Yes, they were legally married, but that was just a piece of paper. And her new status as his wife aside, the woman sitting across from him was still the same woman he’d known for more than ten years, his best friend and most trusted confidante. There was no need for their altered marital status—or one little kiss—to change their relationship.
But they did have to do something about their living arrangements. “I’ll ask Nate if I can borrow his truck when we get back.”
She picked up her wine. “Why do you need his truck?”
“To move your stuff.”
She set down the glass without drinking. “I’m not moving into your place.”
He popped a shrimp into his mouth and wondered why she sounded genuinely startled by the idea. “My condo’s bigger than your apartment,” he said logically. “And I have two bedrooms.”
“I know, but...” Her protest trailed off.
“But?” he prompted.
She just shook her head. “Obviously I didn’t give the details of this arrangement enough thought,” she admitted.
“What did you think—that we’d continue to live as we have been?”
“Of course not,” she denied, but the color that filled her cheeks confirmed to him that was exactly what she’d thought.
“I agreed to separate bedrooms, not separate addresses,” he said.
“But you don’t have a bed in your second bedroom,” she pointed out.
“We’ll move my desk out and your bed in. If anyone asks why, we’ll explain that we wanted to have a guest room for your sister when she comes to visit.”
She considered this and finally, reluctantly, nodded. “But what if she really does want to come for a sleepover?”

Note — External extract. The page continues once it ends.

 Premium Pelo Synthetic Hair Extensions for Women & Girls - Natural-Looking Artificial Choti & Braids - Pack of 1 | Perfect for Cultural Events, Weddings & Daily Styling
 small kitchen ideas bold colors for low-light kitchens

“How often does she stay at your place?”
“Hardly ever,” she admitted, stabbing a piece of cauliflower with her fork.
“Then we’ll worry about that if and when it happens.”

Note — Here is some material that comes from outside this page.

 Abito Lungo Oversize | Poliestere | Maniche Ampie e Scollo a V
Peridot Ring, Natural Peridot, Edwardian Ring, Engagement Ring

She nodded, although not entirely happily, as she nibbled on the tender-crisp vegetable. “Your condo is almost a half-hour drive from South Ridge High School,” she pointed out. “I can be at work from my apartment in less than ten minutes.”
“So you’ll have to get up a little earlier in the morning,” he acknowledged.

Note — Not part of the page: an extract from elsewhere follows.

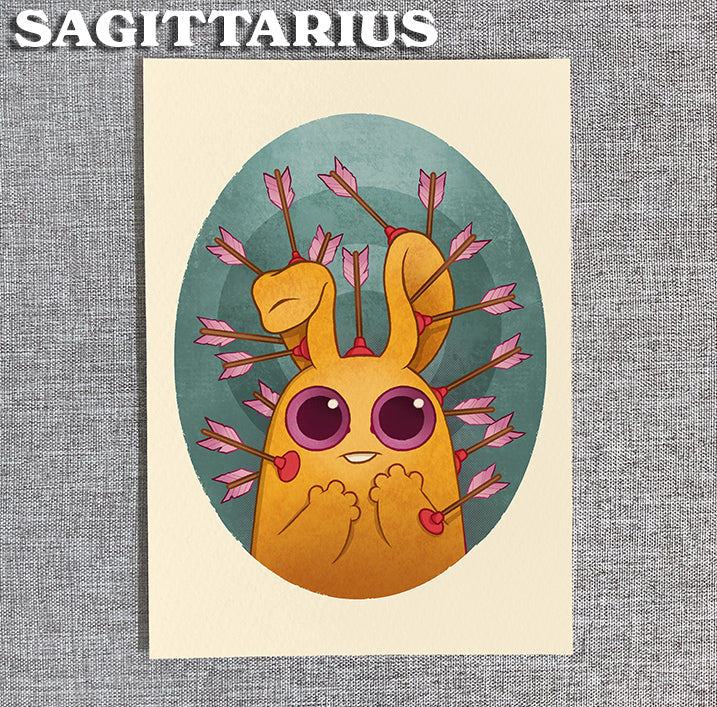 A cute cartoon creature with big eyes and bunny ears is pierced by pink arrows on a teal oval in this Sagittarius zodiac print by Amanda Louise Spayd. Available from Bindlewood Shop, it's playful art perfect for fine art print lovers.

“I’m more concerned about how long my car will last with the extra miles I’ll be putting on it every day.”
“We’ll get you a new one.”
She frowned. “You’re not buying me a new car.”
“Why not?”
“Because.”
He lifted a forkful of mashed potatoes. “What kind of an answer is that?”
“A valid one,” she said stubbornly.
“Are you forgetting that I’m rich now?”
“I didn’t marry you for your money.”
“Actually, you did.”
She flushed. “Okay, I did. But only for a small part of it and only for Becca.”
“Because she needs the surgery,” he acknowledged. “Just like she needed new shoes when you took that fifty bucks off me back in high school.”
The color in her cheeks deepened. “She’s a kid from a single-parent family in the wrong part of town—I just want her to have a chance.”
“And she does,” he told her. “Because she has you in her corner.”
“And you,” Kenna said. “You were the one who found Dr. Rakem.”